THE DATA section start
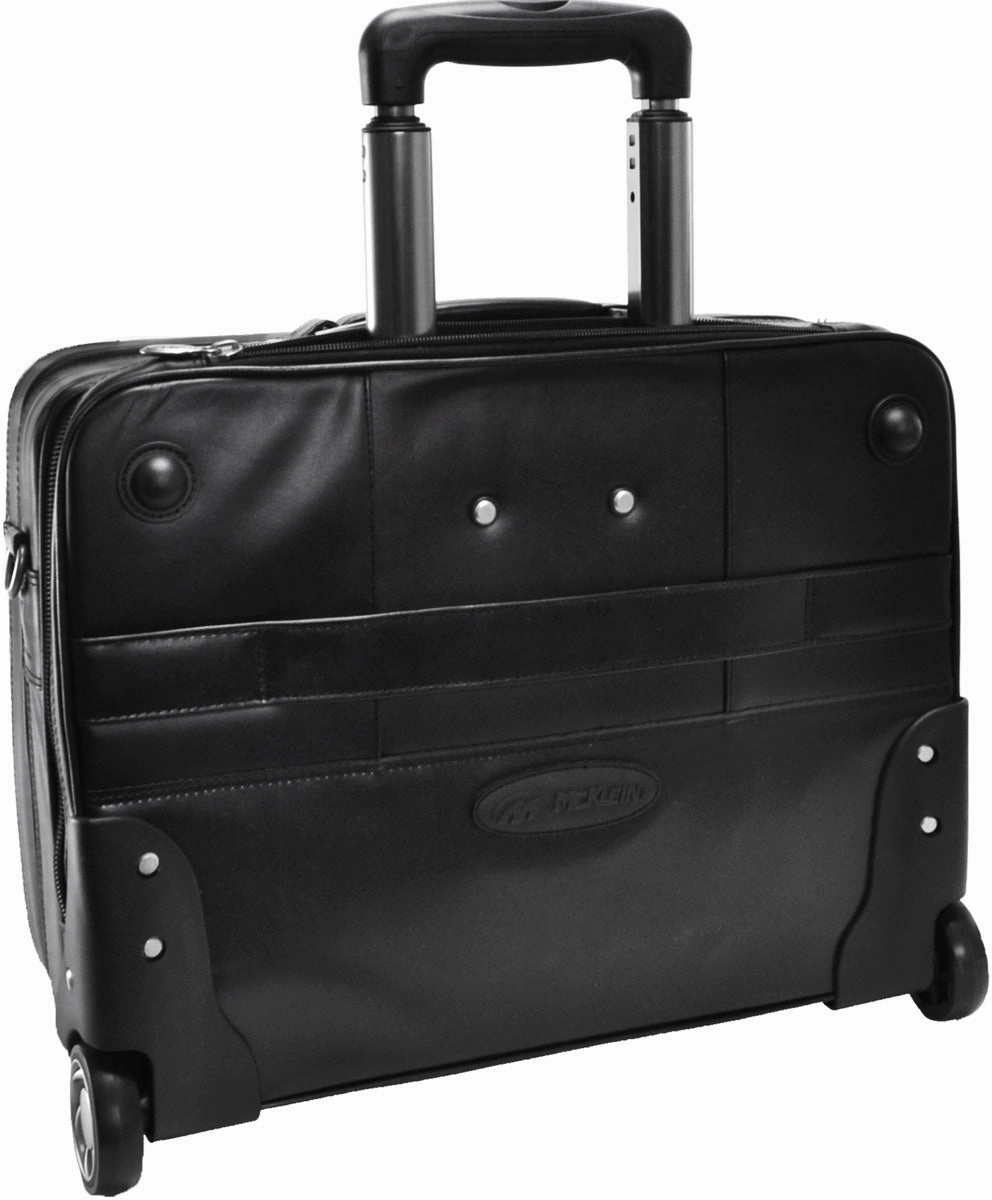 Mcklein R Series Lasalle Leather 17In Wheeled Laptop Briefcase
THE DATA section end
THE DATA section start
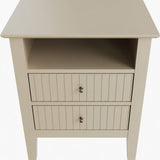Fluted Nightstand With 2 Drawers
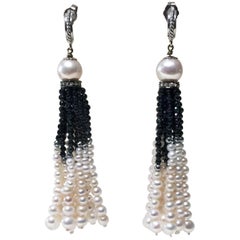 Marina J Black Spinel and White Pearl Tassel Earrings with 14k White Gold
THE DATA section end
THE DATA section start
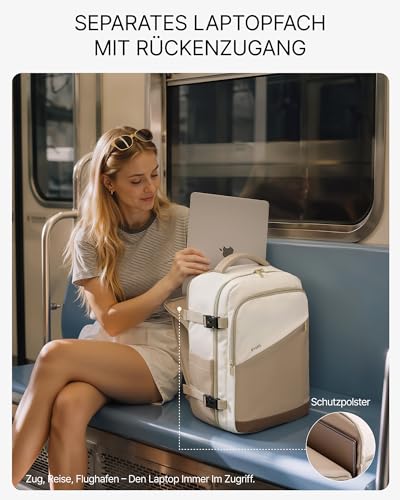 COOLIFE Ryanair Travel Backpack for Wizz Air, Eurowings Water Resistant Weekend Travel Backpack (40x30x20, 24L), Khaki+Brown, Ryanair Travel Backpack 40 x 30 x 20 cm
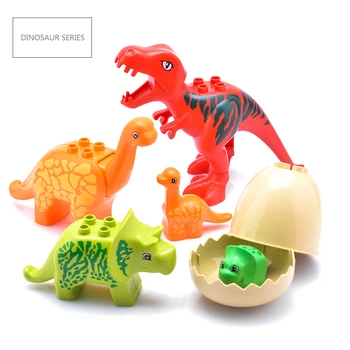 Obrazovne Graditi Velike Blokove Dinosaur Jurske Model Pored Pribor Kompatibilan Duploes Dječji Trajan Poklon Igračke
THE DATA section end
=== EXERCISE ===
When you reach the line with "COOLIFE Ryanair Travel" in the records above, start writing out each line exactly, and stop after the line with "Obrazovne Graditi Velike". Pictures stay out.

=== EXERCISE RESULT ===
 COOLIFE Ryanair Travel Backpack for Wizz Air, Eurowings Water Resistant Weekend Travel Backpack (40x30x20, 24L), Khaki+Brown, Ryanair Travel Backpack 40 x 30 x 20 cm
 Obrazovne Graditi Velike Blokove Dinosaur Jurske Model Pored Pribor Kompatibilan Duploes Dječji Trajan Poklon Igračke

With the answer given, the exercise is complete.